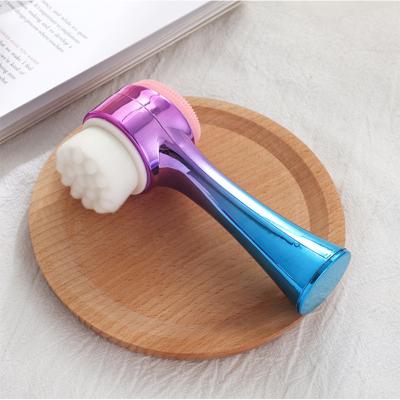 China Skin Revitalizer Beauty Position Electroplate 3D Brush Silicone Facial Cleansing Portable Double Sided Brush for sale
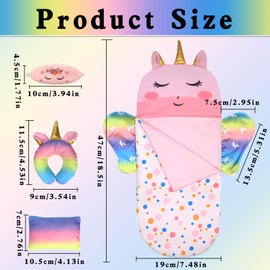 Booaee Unicorn Doll Sleeping Bag Set, 4 Pieces Doll Sleeping Bag for Baby Dolls, Doll Accessories with Sleeping Mask, U-Shaped Pillow, Square Pillow, Toy Girls for Christmas, Birthday Gift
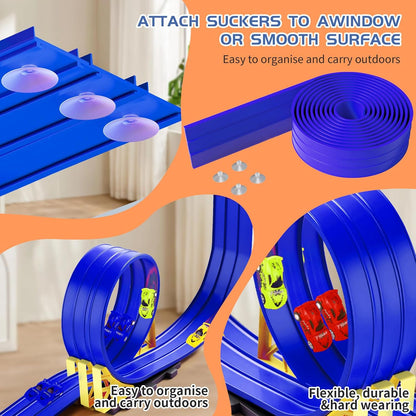16.5ft Build Anywhere Portable Race Track with Suction Cups - Flexible Roll-Up Design Fits 1/64 Scale Cars, Portable Toy Gift for Kids 4+ Year Old (3 Tracks/Red)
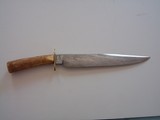 Bill Bagwell Damascus Combat Bowie De Funiak Springs, Florida 1983 Rare Master Smith (MS) stamped blade-INdia Sambar Stag antler Handle - 1 of 11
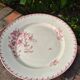 Antique plate – Opaque porcelain from Gien – Fuchsia pink decoration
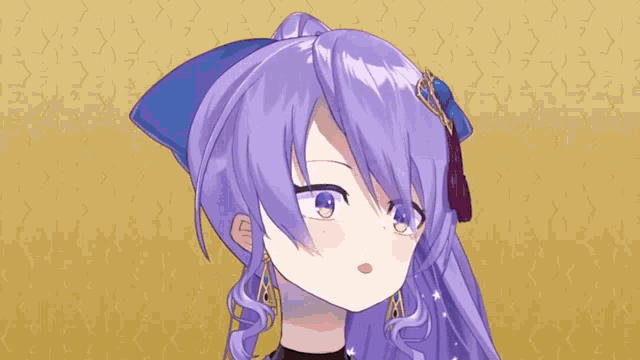 a girl with long purple hair has a blue ribbon in her hair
----------
(WHAT THIS TASK INVOLVES): Reproduce the listing in full and exactly, excluding any pictures it holds.

(TASK ANSWER):
 China Skin Revitalizer Beauty Position Electroplate 3D Brush Silicone Facial Cleansing Portable Double Sided Brush for sale
 Booaee Unicorn Doll Sleeping Bag Set, 4 Pieces Doll Sleeping Bag for Baby Dolls, Doll Accessories with Sleeping Mask, U-Shaped Pillow, Square Pillow, Toy Girls for Christmas, Birthday Gift
16.5ft Build Anywhere Portable Race Track with Suction Cups - Flexible Roll-Up Design Fits 1/64 Scale Cars, Portable Toy Gift for Kids 4+ Year Old (3 Tracks/Red)
 Bill Bagwell Damascus Combat Bowie De Funiak Springs, Florida 1983 Rare Master Smith (MS) stamped blade-INdia Sambar Stag antler Handle - 1 of 11
 Antique plate – Opaque porcelain from Gien – Fuchsia pink decoration
 a girl with long purple hair has a blue ribbon in her hair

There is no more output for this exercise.